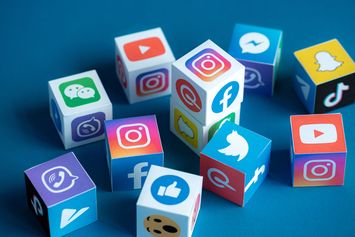 Hati-hati, Jangan Unggah 5 Hal Ini di Media Sosial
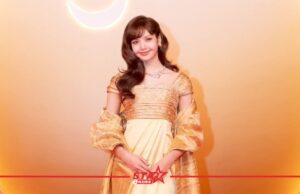 ททท. เปิดตัวยิ่งใหญ่! “ลิซ่า” นั่งแท่น Amazing Thailand Ambassador ชูแคมเปญ “Feel All the Feelings” ณ วัดอรุณฯ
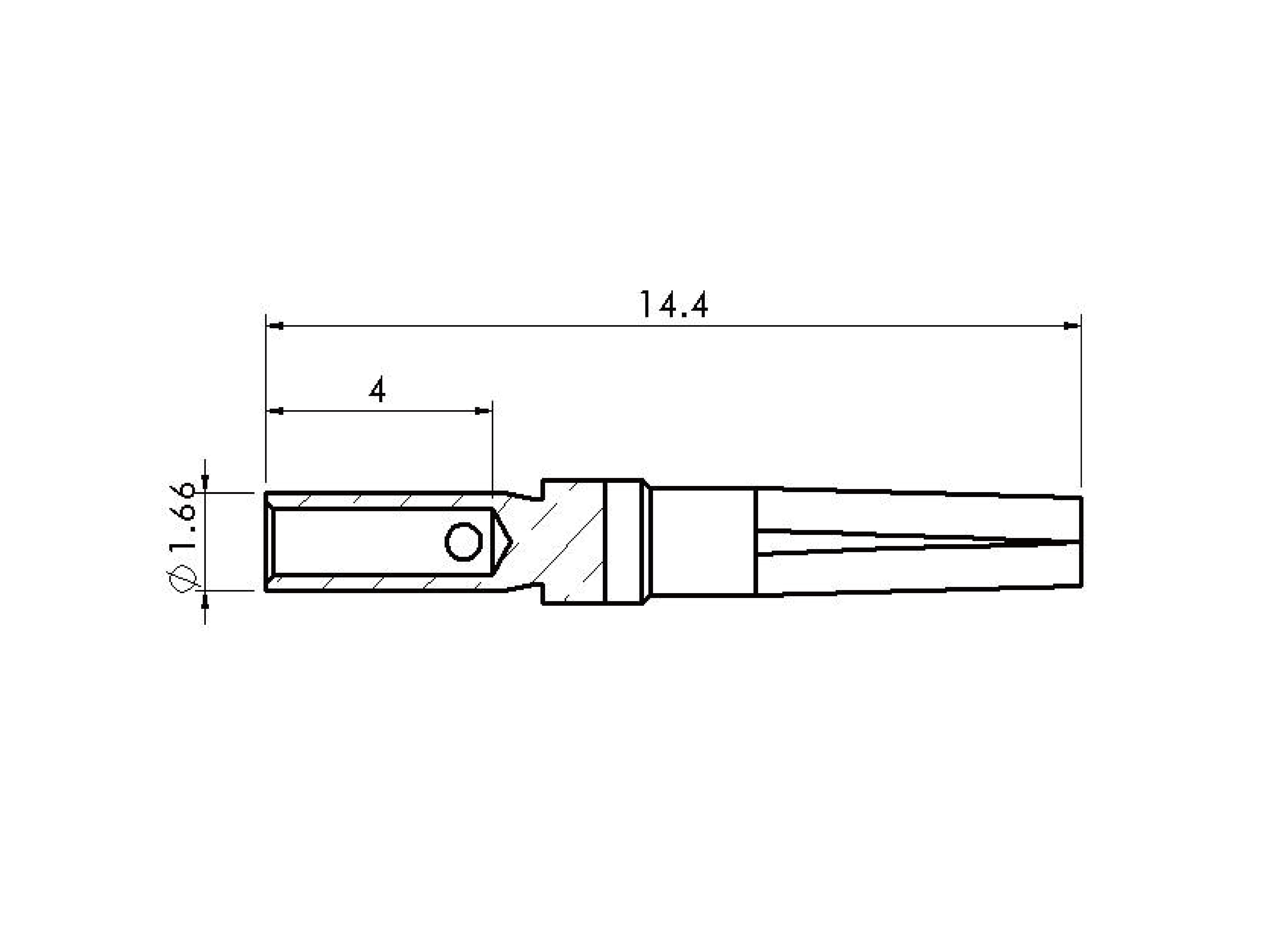 SGF-0.52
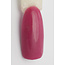 NexGen Nails - C39 - Los Angeles - 2 oz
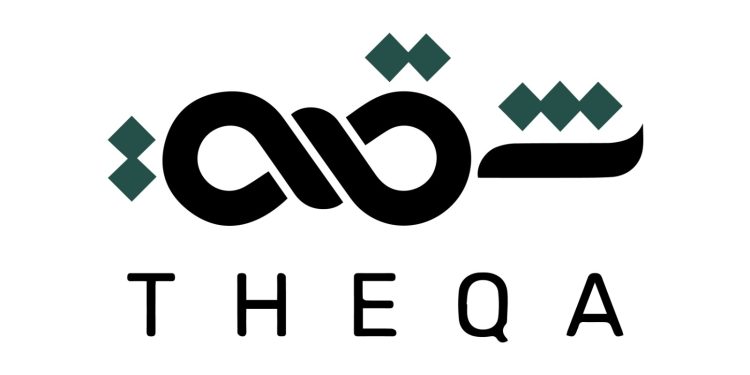 “ثقة” من مدينة مصر.. الحل الجذري الأول من نوعه لتحديات فروقات وديعة الصيانة في السوق العقاري المصري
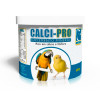 Avizoon Calcium-Pro 500gr, (calcium and phosphorus and minerals). Pigeons and Birds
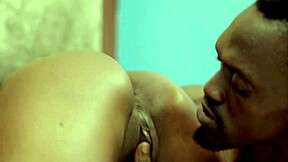 i want it that way gentle session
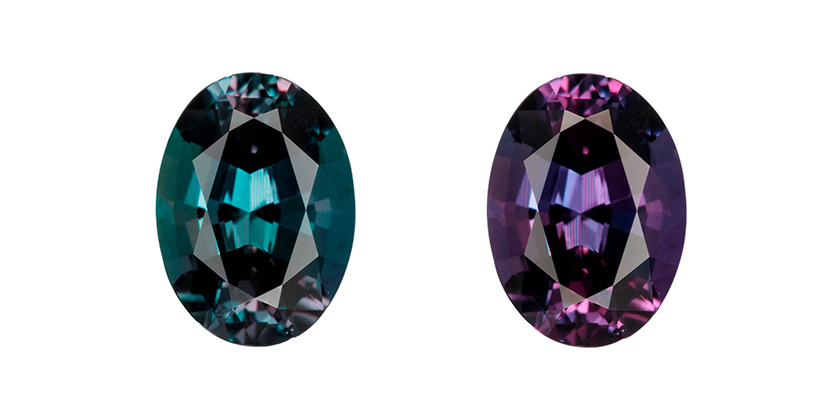 世界三大希少石」と称される美しい宝石とは？【宝石豆知識】 - JEWELRY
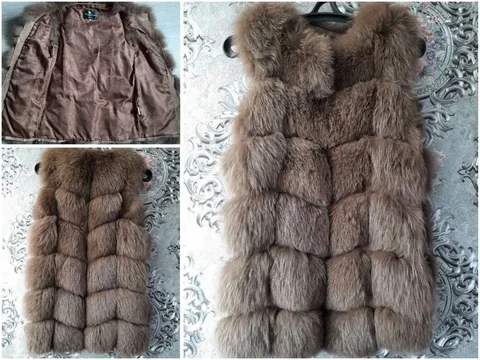 Одежда размер 42-44 - частное объявление в Берёзовка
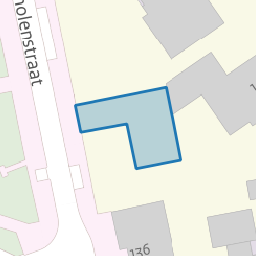 Perceel ZDM01-L-5183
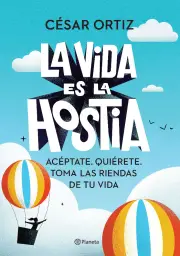 Imagen del producto 9788408242338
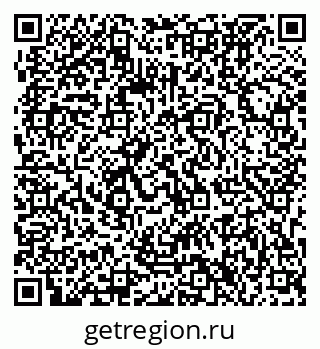79063336687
====================
Work task:
Where the line containing "นั่งแท่น Amazing Thailand" appears, begin copying there and continue exactly through the final line of the records; both end lines belong in the copy, pictures do not.

Task solution:
 ททท. เปิดตัวยิ่งใหญ่! “ลิซ่า” นั่งแท่น Amazing Thailand Ambassador ชูแคมเปญ “Feel All the Feelings” ณ วัดอรุณฯ
 SGF-0.52
 NexGen Nails - C39 - Los Angeles - 2 oz
 “ثقة” من مدينة مصر.. الحل الجذري الأول من نوعه لتحديات فروقات وديعة الصيانة في السوق العقاري المصري
 Avizoon Calcium-Pro 500gr, (calcium and phosphorus and minerals). Pigeons and Birds
 i want it that way gentle session
 世界三大希少石」と称される美しい宝石とは？【宝石豆知識】 - JEWELRY
 Одежда размер 42-44 - частное объявление в Берёзовка
 Perceel ZDM01-L-5183
 Imagen del producto 9788408242338
79063336687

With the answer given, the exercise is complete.